We know that kids facing chronic or life-limiting illnesses display incredible resilience and strength. But what about the siblings of these kids? There is a profound shift in these kids’ worldviews – part of their childhood innocence is lost when their world is no longer a safe place insulated from bad things happening. Instead their world may be viewed through the lens of a host of new feelings – fear, anger, confusion, loneliness, and grief.
I believe siblings should be considered as a patient in the family unit, needing their own forms of support. To better understand the emotional needs of siblings, I reviewed recent themes in the literature. Here are my take-home lessons:
1. Honesty is the Best Policy
Perhaps we assume that siblings of children with serious illnesses want a “break” from the all-consuming nature of their brother’s or sister’s illness – to not talk about it all the time, to have a life separate from their sibling and their illness. In fact, the opposite is true. Research shows kids actually want more information (Gaab, Owens, & MacLeod, 2014).
Well siblings want to be a part of the family’s efforts to care for the sick child, and this starts with wanting to be told what is going on. It certainly makes sense that parents would want to shield their well child from the most difficult aspects of the sibling’s diagnosis, treatment, and prognosis. But the reality is that the child senses that something is going on, even if nothing is explicitly said. Ambiguity – and having to act within the confines of this uncertainty – is a significant struggle for well siblings (Long et al., 2015). They actually want and need accurate information, and moreover, these children can benefit from having open, honest conversations about the reality of their sibling’s situation. Developmentally appropriate information, when paired with opportunities to discuss and process this information, helps alleviate the stress of living with ambiguity.

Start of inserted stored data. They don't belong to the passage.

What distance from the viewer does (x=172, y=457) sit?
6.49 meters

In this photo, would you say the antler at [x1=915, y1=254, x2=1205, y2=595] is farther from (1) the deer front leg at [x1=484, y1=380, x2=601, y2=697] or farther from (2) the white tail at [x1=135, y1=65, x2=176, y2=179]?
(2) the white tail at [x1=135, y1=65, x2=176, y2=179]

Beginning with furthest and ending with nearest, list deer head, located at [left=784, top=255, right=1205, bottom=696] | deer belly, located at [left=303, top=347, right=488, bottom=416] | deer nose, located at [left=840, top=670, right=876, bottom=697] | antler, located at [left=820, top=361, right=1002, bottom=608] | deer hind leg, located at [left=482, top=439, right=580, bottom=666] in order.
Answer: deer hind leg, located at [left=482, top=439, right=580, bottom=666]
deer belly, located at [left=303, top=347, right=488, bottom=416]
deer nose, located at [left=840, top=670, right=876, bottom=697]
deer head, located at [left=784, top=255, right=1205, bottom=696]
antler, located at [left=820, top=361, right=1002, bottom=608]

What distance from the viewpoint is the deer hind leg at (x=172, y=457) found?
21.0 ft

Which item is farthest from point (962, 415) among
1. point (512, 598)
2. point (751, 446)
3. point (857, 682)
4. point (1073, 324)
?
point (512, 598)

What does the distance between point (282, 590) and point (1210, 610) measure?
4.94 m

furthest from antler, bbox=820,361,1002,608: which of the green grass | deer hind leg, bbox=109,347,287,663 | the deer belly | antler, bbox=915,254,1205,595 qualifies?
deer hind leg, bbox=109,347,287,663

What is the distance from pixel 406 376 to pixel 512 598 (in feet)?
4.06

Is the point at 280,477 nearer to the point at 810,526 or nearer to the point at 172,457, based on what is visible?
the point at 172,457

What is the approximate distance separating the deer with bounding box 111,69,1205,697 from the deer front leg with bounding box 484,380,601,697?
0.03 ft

2. Support the Need to Be Connected
It is inevitable that parents will need to be with the seriously ill child during his or her treatments and hospitalizations. This causes a shift in family dynamics as parents spend more time with their sick child than with the well child. Parents who discuss the reasoning behind why they have to be gone so much helps their child cope and provides an opportunity for that child to open up about how they are feeling (Long et al., 2015; Gardner, 1998).
During prolonged hospitalizations, the well child may be spending a lot of time with surrogate caregivers (Long et al., 2015). With older kids, siblings understand and are accepting of their parents need to be with their brother or sister. But that doesn’t mean it is easy for those children. They still feel lonely and left out, and need attention themselves (Nabors et al., 2013; Nolbris & Ahlstrom, 2014). They know that their parents are less available, yet they cannot help but worry about them (Long et al., 2015; Nabors et al., 2013). Siblings may hide many of their feelings from their parents so as not to burden them, and do not ask for the attention they need (Nolbris, Enskar, & Hellstrom, 2014, p. 4). By recognizing that the child is likely feeling much more than they are saying, we can work harder to bridge that gap. Finding quiet moments to talk and have one-on-one time between parent and child could help validate that child’s feelings and help them feel more comfortable opening up.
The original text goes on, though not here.